*** Entries shown Section Begins ***

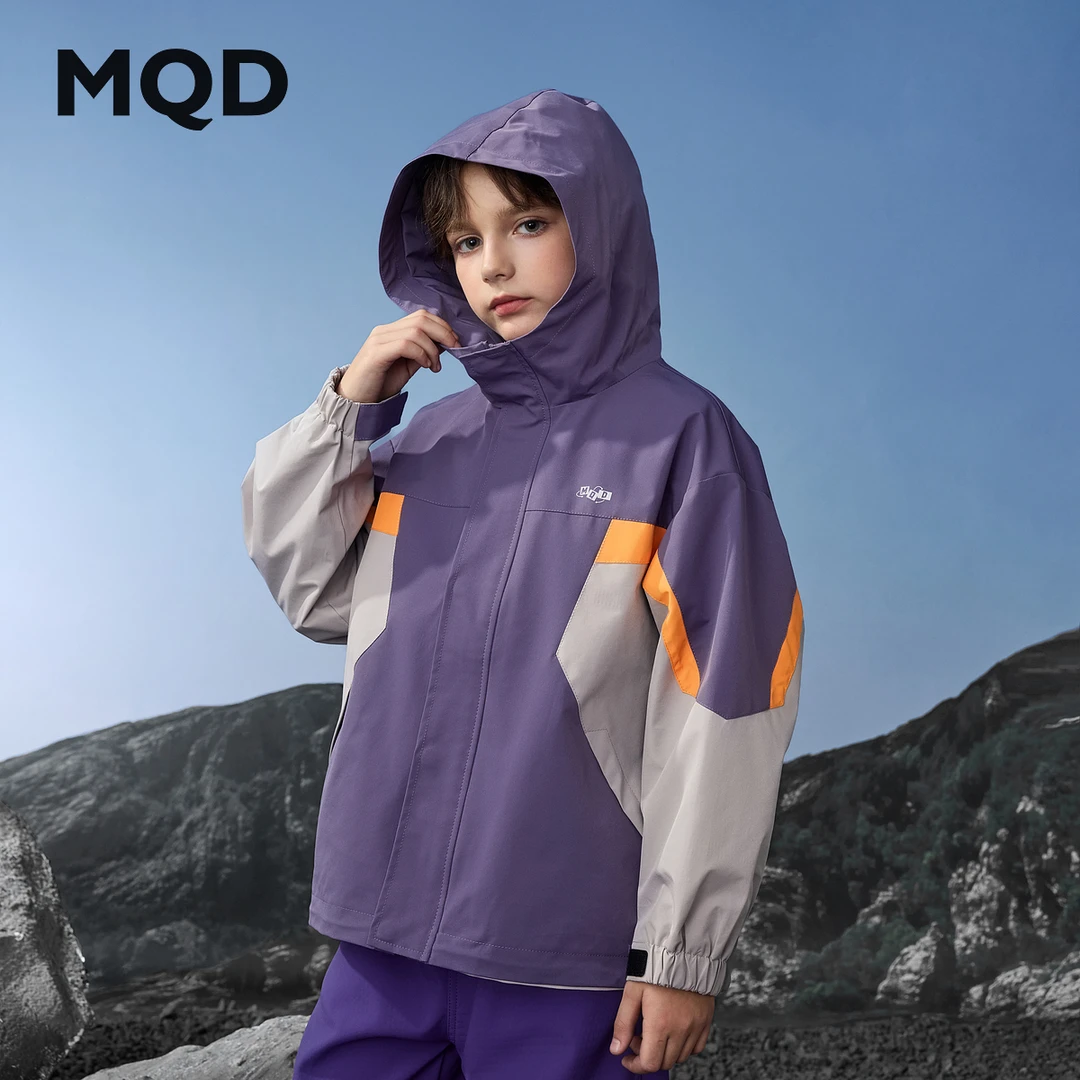 MQD【无氟】男童25秋新款户外工装撞色拼块宽松连帽外套9653W0845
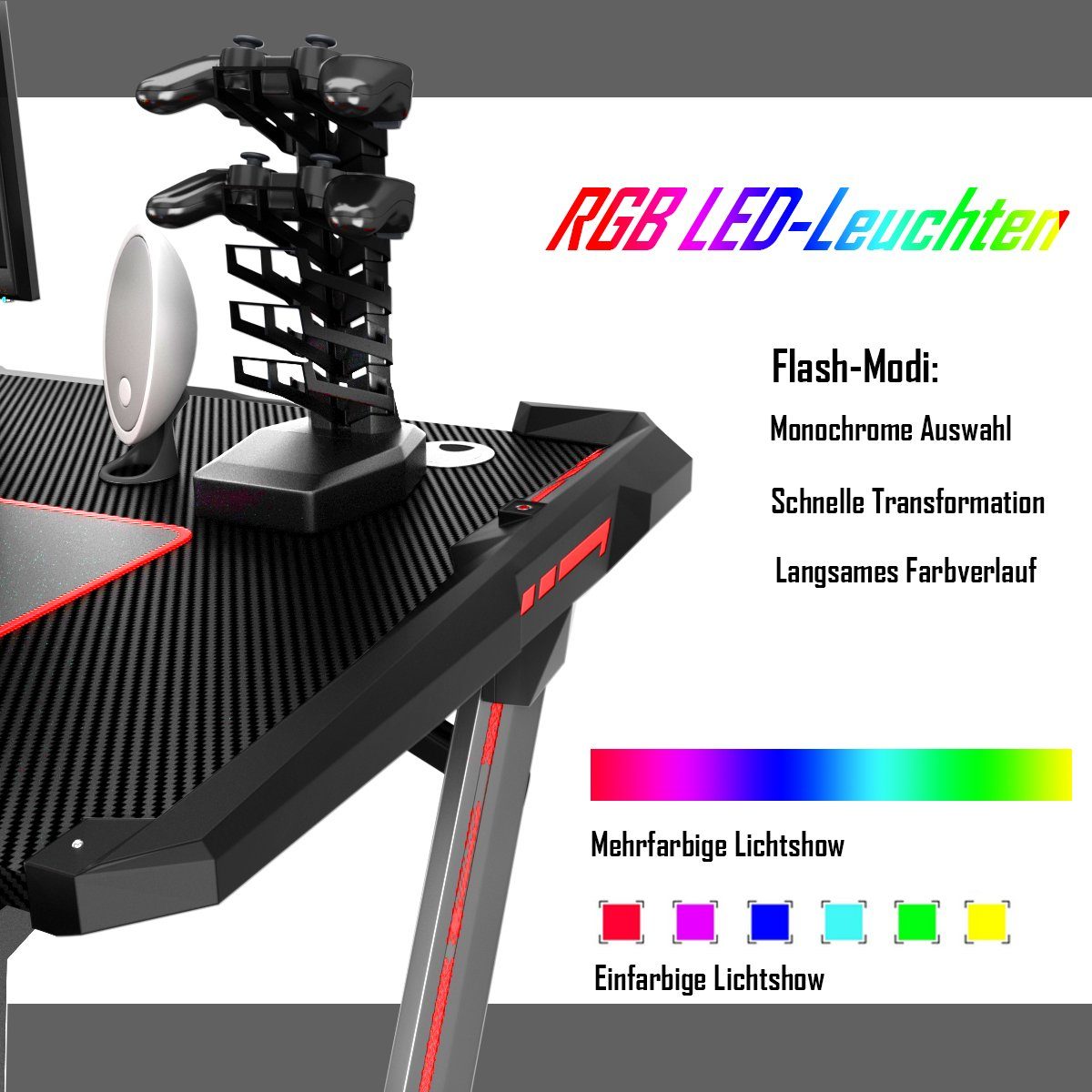 COSTWAY Gamingtisch, RGB-Led, Controller-Halterung 4 USB, mit Z-förmig 120cm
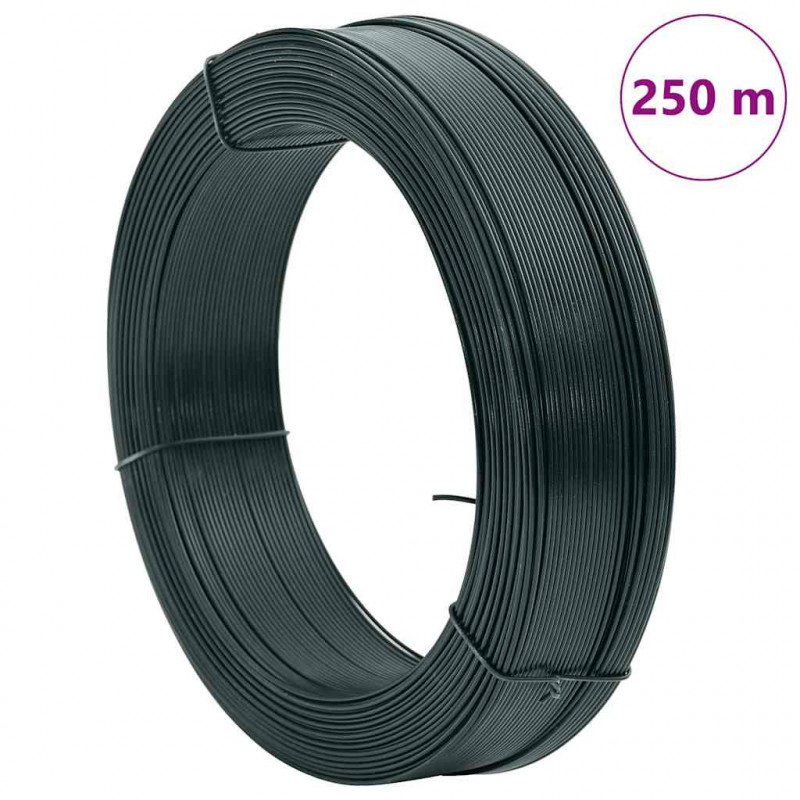 Drut naciągowy do ogrodzenia, 250 m, 0,9/1,4 mm, stal, zielony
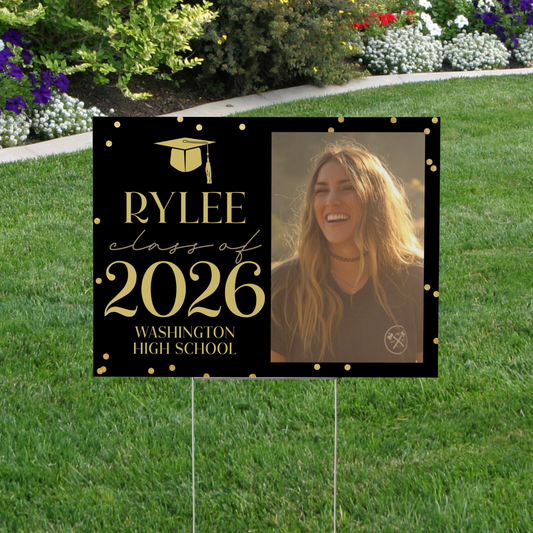 Black and Gold Confetti Graduation Yard Sign with Senior Photo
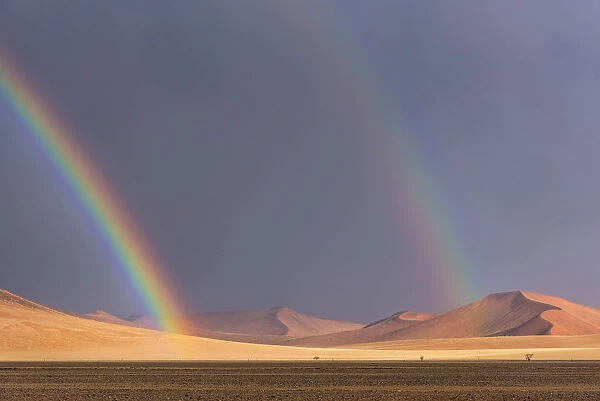 Africa, Namibia, Sossusvlei area. Thunderstorm with rainbows in the desert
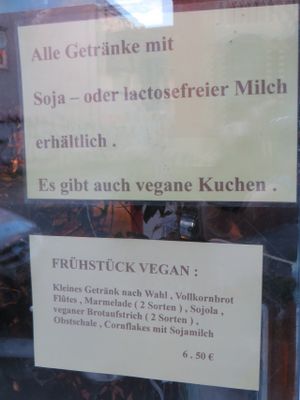 vegan options announced in the front window - fair enough ... at Cafe Schrill in Saarbrucken
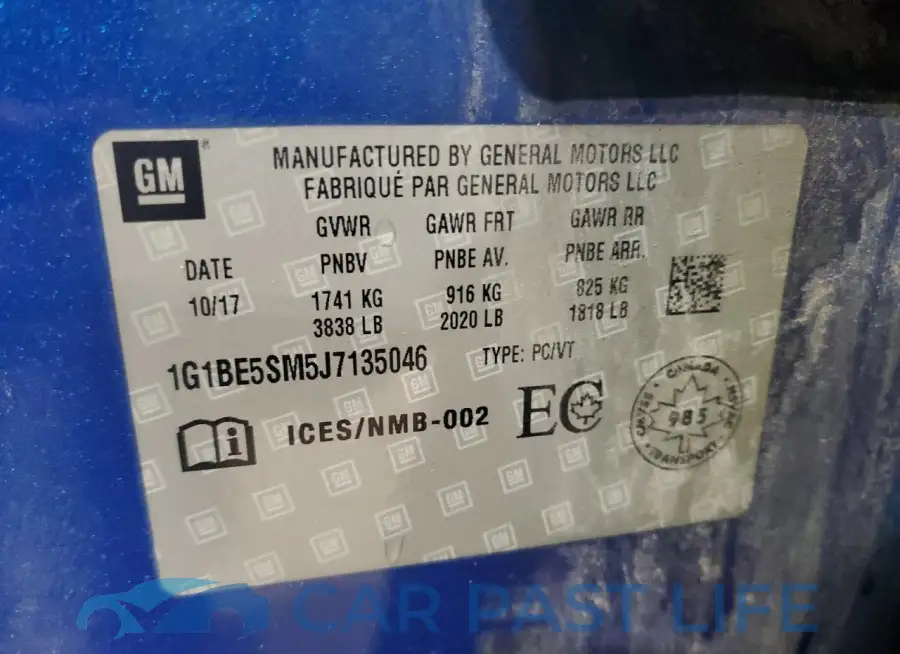 1G1BE5SM5J7135046# 13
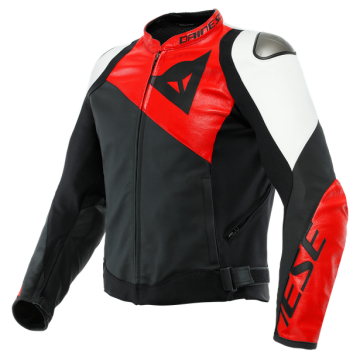 Dainese Sportiva Leren Jas Zwart Mat Lava Rood Wit   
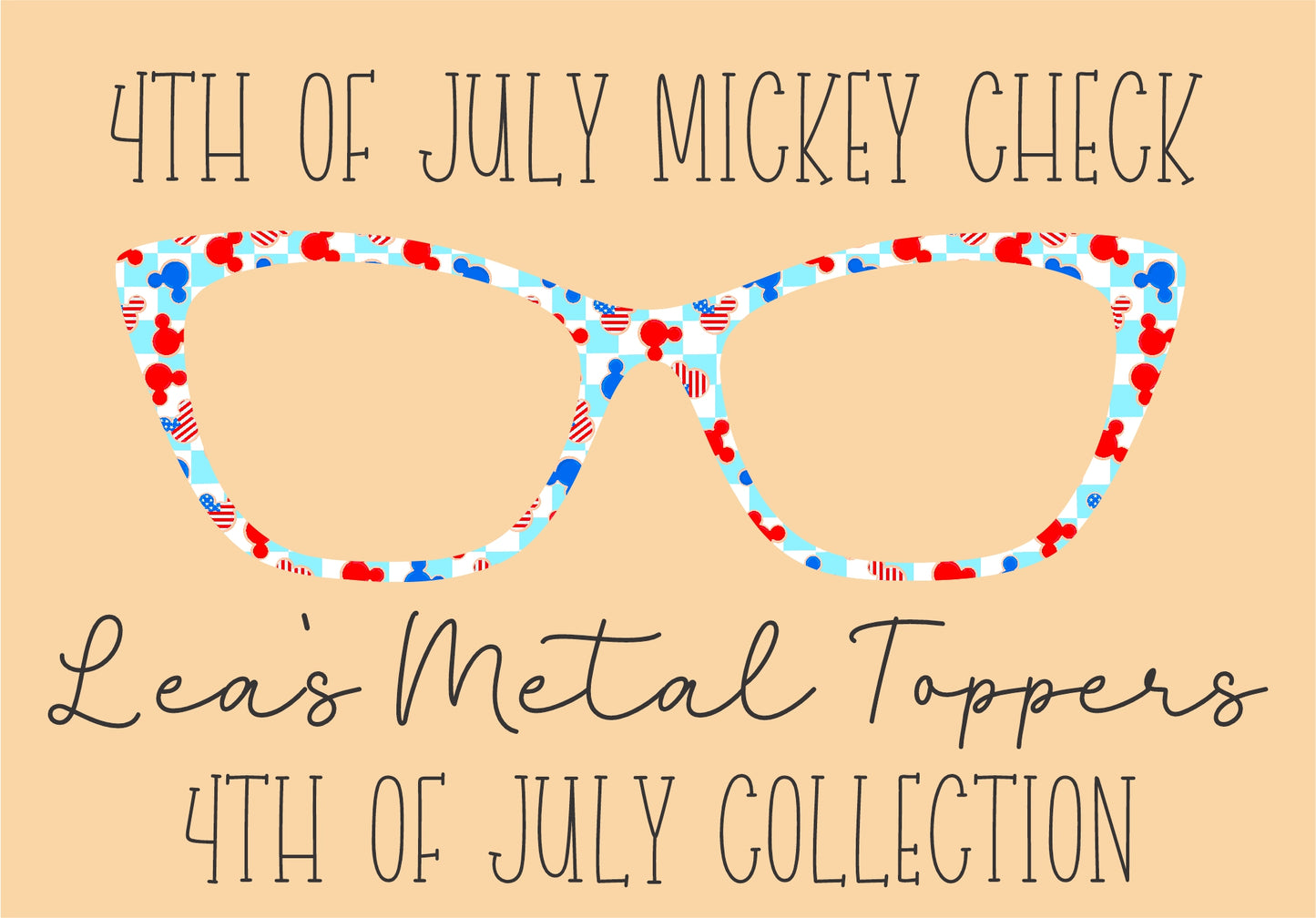 4TH OF JULY MICKEY CHECK Eyewear Frame Toppers COMES WITH MAGNETS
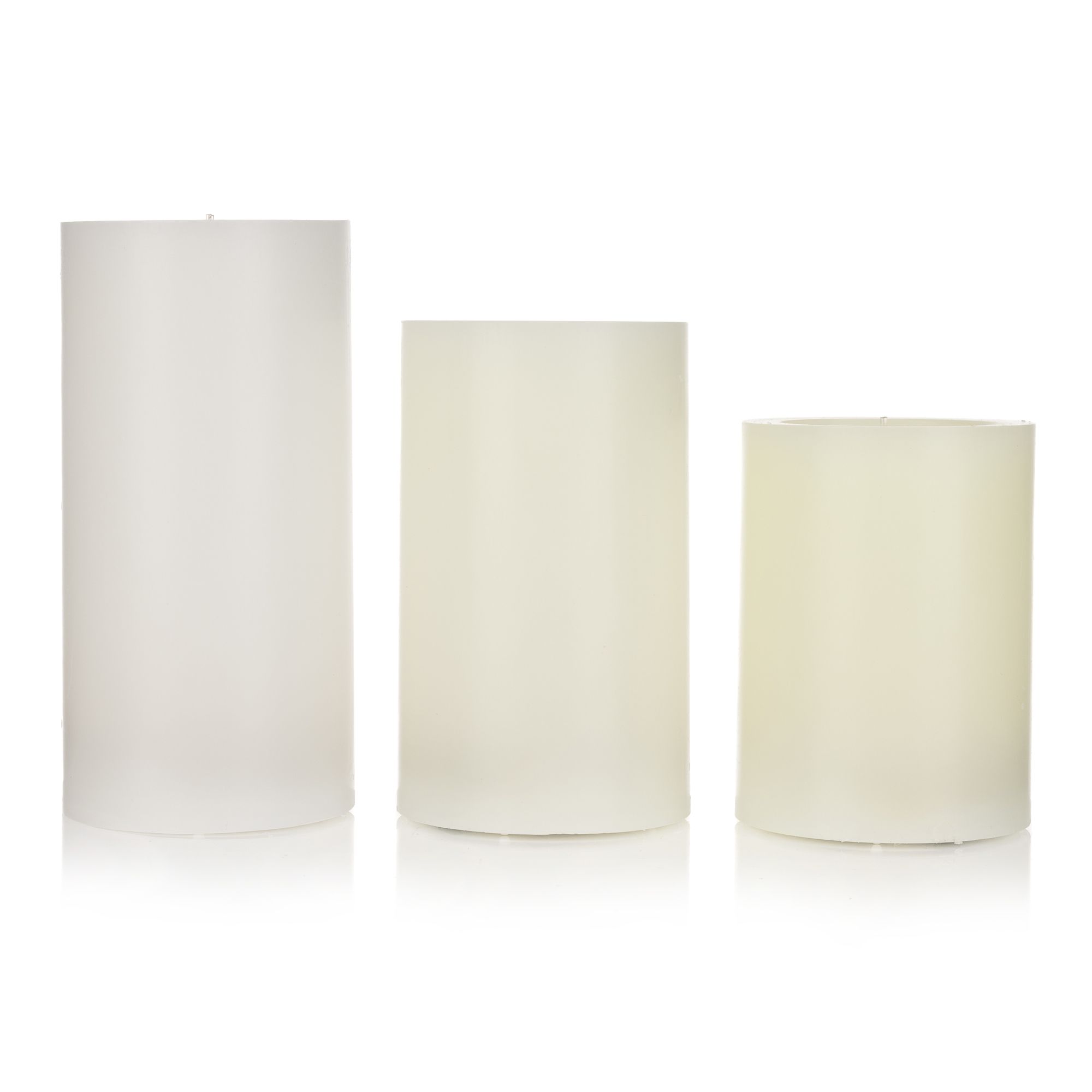 ELAMBIA 3 LED-Kerzen uni, Glimmdocht 5h-Timerfunktion Höhe 10, 12,5 & 15cm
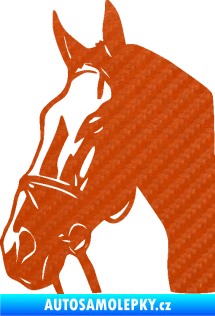 Samolepka Kůň 089 levá 3D karbon oranžový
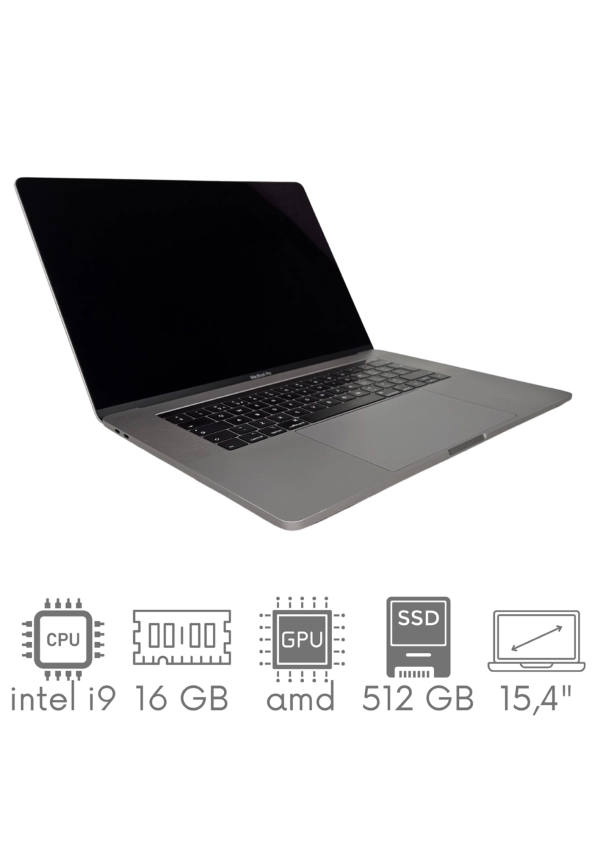 Apple MacBook Pro A1990 i9-9880H 16GB 512 SSD 15,4" Retina 2880x1800 Radeon Pro 560X 4GB WiFi BT Kam OS Sequoia PL Gw12mc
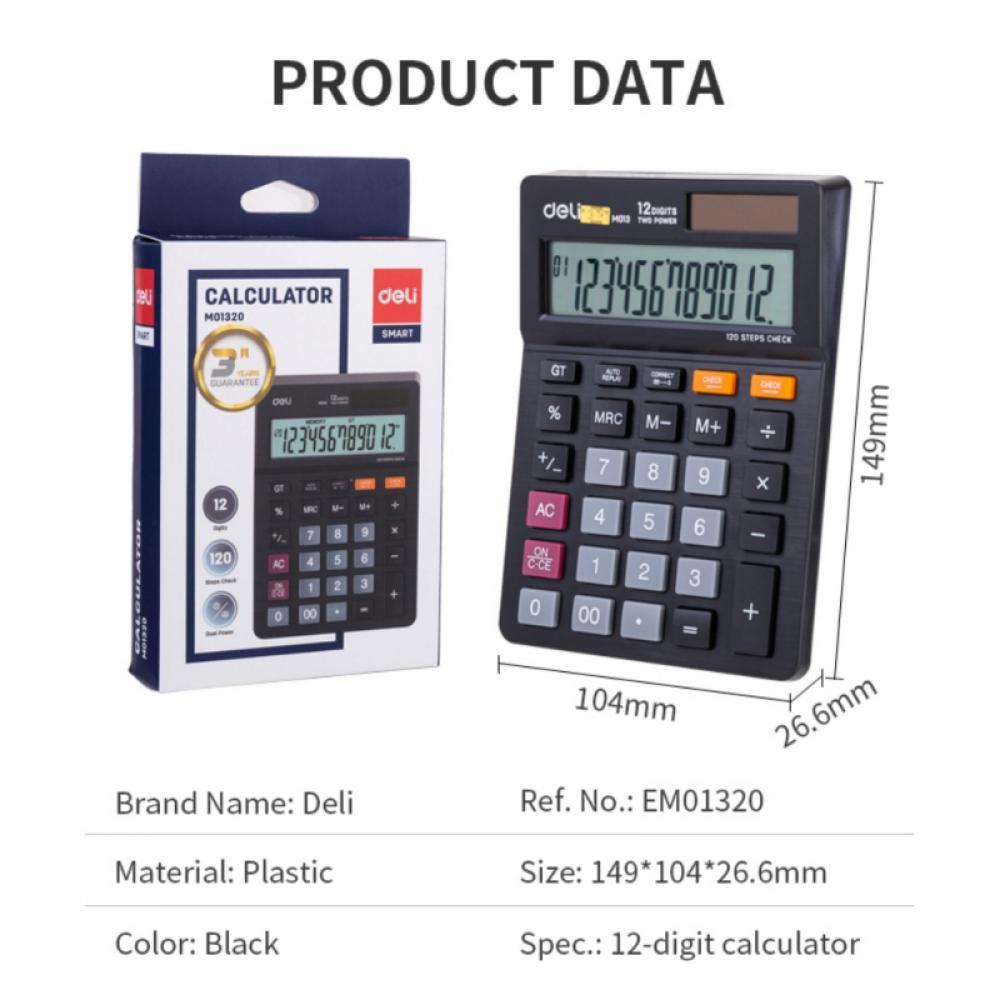 Deli - EM01320- Mini Desk Calculator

*** Entries shown Section Ends ***

▶ Action item:
What do the lines above say from the line containing "vegan options announced" through the last line? Quote them exactly, both ends included, and leave out the pictures.

▶ Written answer:
 vegan options announced in the front window - fair enough ... at Cafe Schrill in Saarbrucken
 1G1BE5SM5J7135046# 13
 Dainese Sportiva Leren Jas Zwart Mat Lava Rood Wit   
 4TH OF JULY MICKEY CHECK Eyewear Frame Toppers COMES WITH MAGNETS
 ELAMBIA 3 LED-Kerzen uni, Glimmdocht 5h-Timerfunktion Höhe 10, 12,5 & 15cm
 Samolepka Kůň 089 levá 3D karbon oranžový
 Apple MacBook Pro A1990 i9-9880H 16GB 512 SSD 15,4" Retina 2880x1800 Radeon Pro 560X 4GB WiFi BT Kam OS Sequoia PL Gw12mc
 Deli - EM01320- Mini Desk Calculator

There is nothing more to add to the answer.